W pierwszym meczu obu zespołów rozegranym w stolicy radomianie postarali się o niespodziankę i pokonali akademików. W rewanżu faworyta już nie było, a to dlatego, że gospodarze przed pojedynkiem z AZS-em UW nie dali szans liderowi – KPR-owi Legionowo! Mimo wszystko trener Uniwersytetu Mariusz Grela obawiał się tego pojedynku. - Od ostatniego meczu o punkty minęły trzy tygodnie, a my wciąż nie możemy ćwiczyć w hali UTH. Zajęcia ograniczały się tylko do jednej jednostki treningowej w tygodniu – przyznał opiekun beniaminka.
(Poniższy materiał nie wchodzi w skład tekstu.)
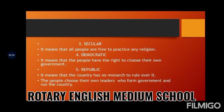Now let's see the third term: secular. What does secular mean? It means that all people are free to practice any religion. India is a home to people of different languages, cultures, and religions. People can follow any religion of their choice. That is about secular.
Pierwszy kwadrans meczu miał niezwykle wyrównany przebieg, a na świetlnej tablicy wyników najczęściej pojawiał się remis. Zaledwie 180 sekund później zespół z Warszawy prowadził 9:7, a o czas poprosił trener Grela. Niestety ten nie przyniósł spodziewanych efektów. Jego podopieczni zupełnie zatracili skuteczność, a kontrataki na gole zamieniali szczypiorniści AZS-u. Ostatecznie pierwsza połowa zakończyła się zasłużonym prowadzeniem AZS-u 18:9!
Po 10. minutach drugiej części przyjezdni utrzymywali 10-cio bramkowe prowadzenie i ponownie większość bramek uzyskiwali z ataku szybkiego. Od tego momentu trener gospodarzy zaczął rotować składem i na parkiet wpuszczał wszystkich swoich podopiecznych. Ci mimo dużej ambicji nie byli w stanie przeciwstawić się bardziej doświadczonym rywalom i zasłużenie przegrali.
Uniwersytet Radom – AZS UW Warszawa 20:34 (8:19)
Uniwersytet: Markowski, Brewczyński – Wasik 3, Kiraga 3, Radwański 1, Maszczyński 0, Sikora 1, Misalski 2, Stanik 0, Pawelec 1, Kwiecień 0, Miecznikowski 2, Sałuda 0, Kubajka 4, Kordos 1, Banaczek 2.